Lo scandalo delle imprese che riducono la forza lavoro ed intanto esternalizzano e delocalizzano.

Vi è poi uno “scandalo nello scandalo”. Da un lato assistiamo da parte di queste aziende (Telecom, H3G, BT) ad una politica di riduzione dei livelli occupazionali interni (tramite contratti di solidarietà, cassa integrazione, mobilità incentivata, ecc.) con forti sacrifici da parte dei lavoratori più sindacalizzati; dall’altra vi è una politica di sistematica riduzione di attività fino ad oggi lavorate in casa (per esempio di Telecom) su cui potrebbero essere riconvertiti gli esuberi dichiarati.

Per di più secondo un modello che “stressa” le imprese di outsourcing con politiche sugli appalti basati al massimo ribasso, tanto da rendere difficile anche la stessa tenuta occupazionale negli outsourcing che sono - quindi - “invitati” a sub appaltare all’estero.

Insomma, siamo alle prese con una vera e propria strategia che rischia di:

a- ridurre le attività lavorate internamente dalle grandi aziende, riducendo i livelli occupazionali interni ed impedendo possibili riconversioni degli attuali occupati;

b-“stressare”con gare al massimo ribasso anche la parte finale della filiera,con outsourcing sempre più ridotti a divenire stazioni appaltanti di altre aziende (con fenomeni di sub appalto, che fanno perdere poi “le tracce” delle stesse attività di customer);

c-incentivare la delocalizzazione di attività a forte valore aggiunto,verso paesi dove le condizionidei lavoratori sono drammatiche.

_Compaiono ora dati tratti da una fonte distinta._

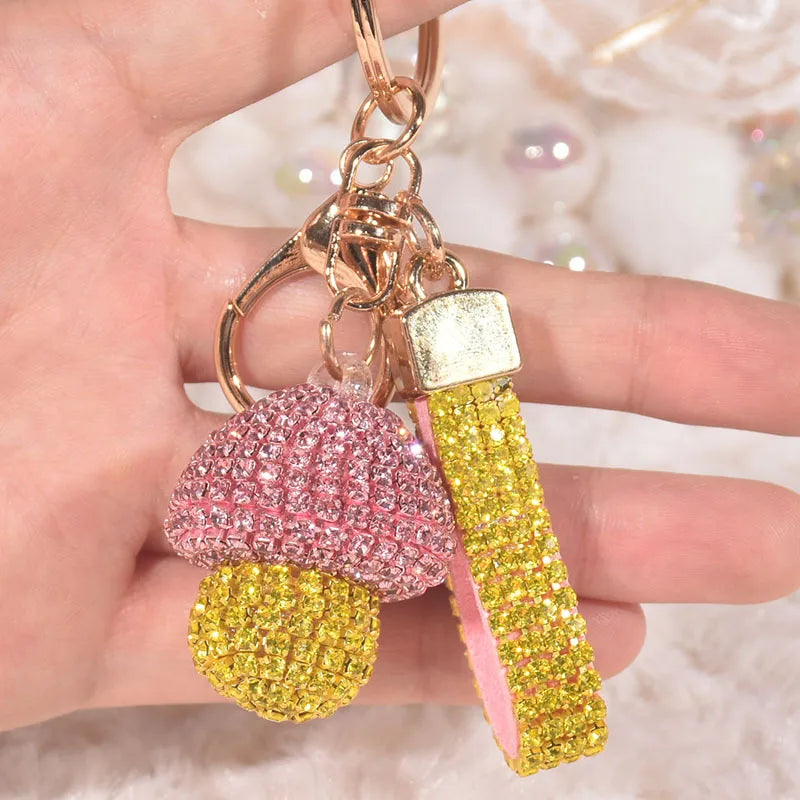 Cute Pastoral Mushroom Artificial Crystal Women'S Bag Pendant Keychain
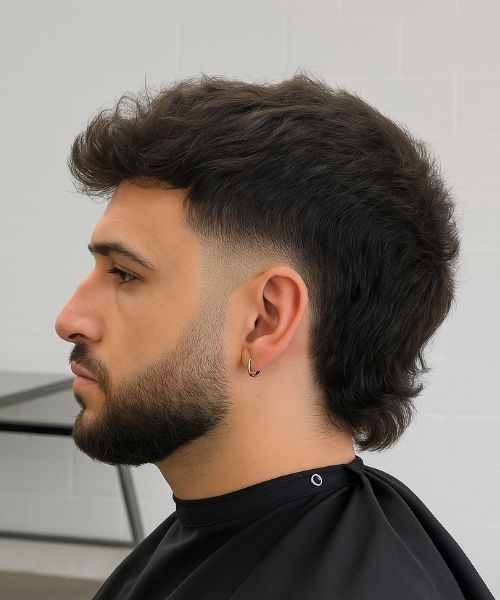 Man with a crew cut mullet haircut showing textured medium-length hair, low fade, and wavy top.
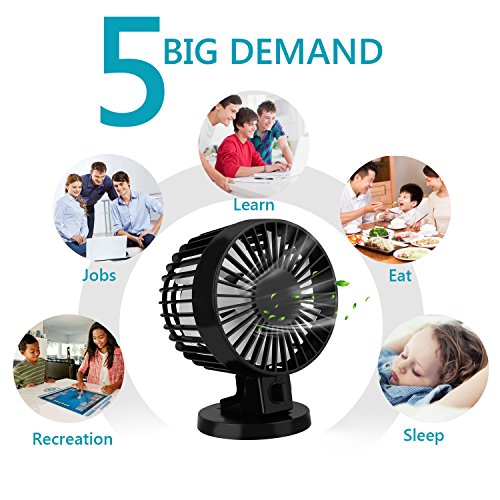 USB Ventilator, Aodoor Tischventilator Mini USB Ventilator Tragbarer USB Fan Geräuschlos Mini Ventilator für Büro Schreibtisch Fan (Schwarz) - 6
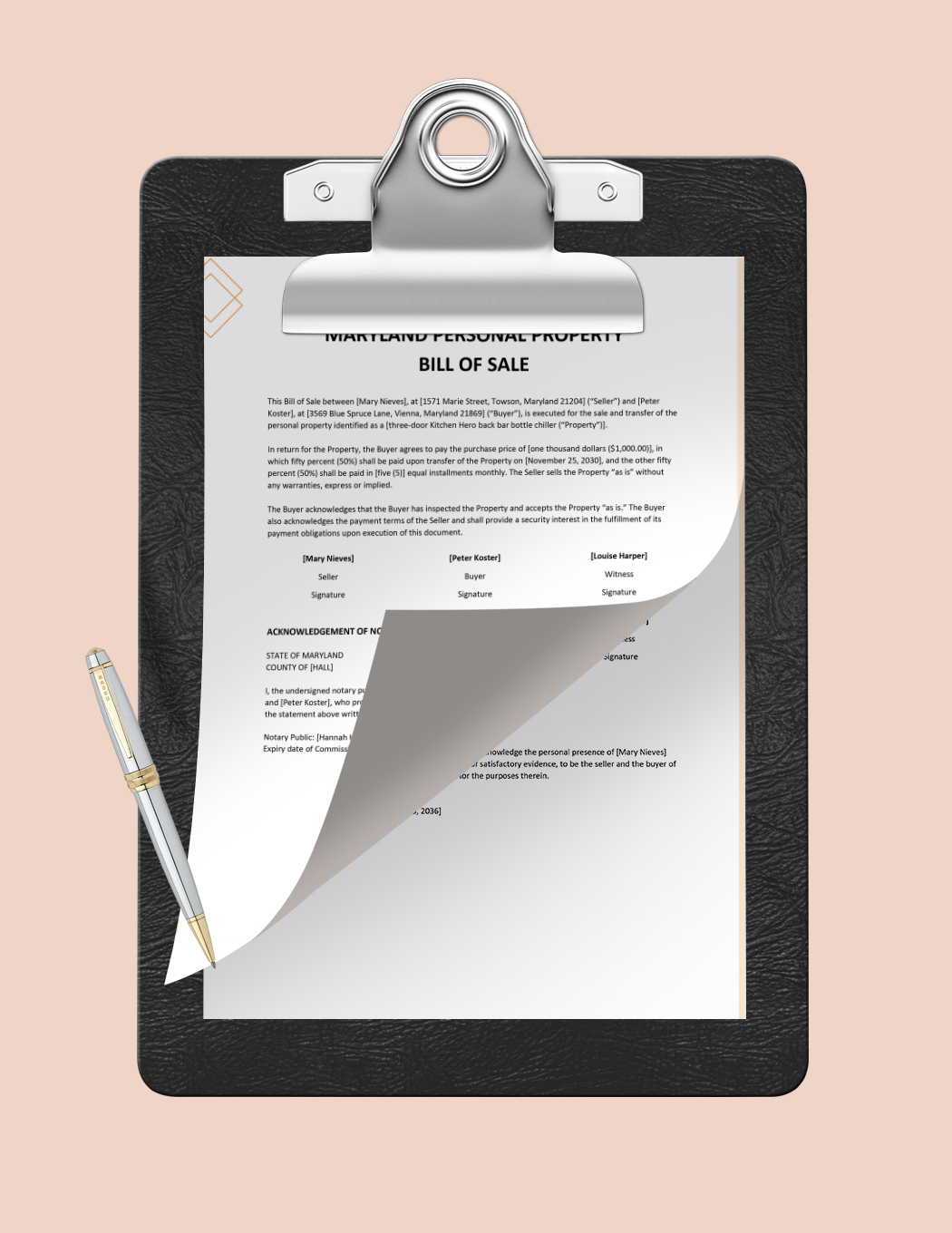 Maryland Personal Property Bill of Sale Form Template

Il tutto per aumentare i margini di profitto, con grande danno verso tutti: i lavoratori dipendenti delle grandi aziende, i lavoratori degli outsourcing, i clienti finali (cui dati vengono lavorati presso aziende estere, con buona pace della qualità, della trasparenza, della tutela della privacy). E questo in un momento di difficoltà del sistema paese, con centinaia di migliaia di disoccupati in più.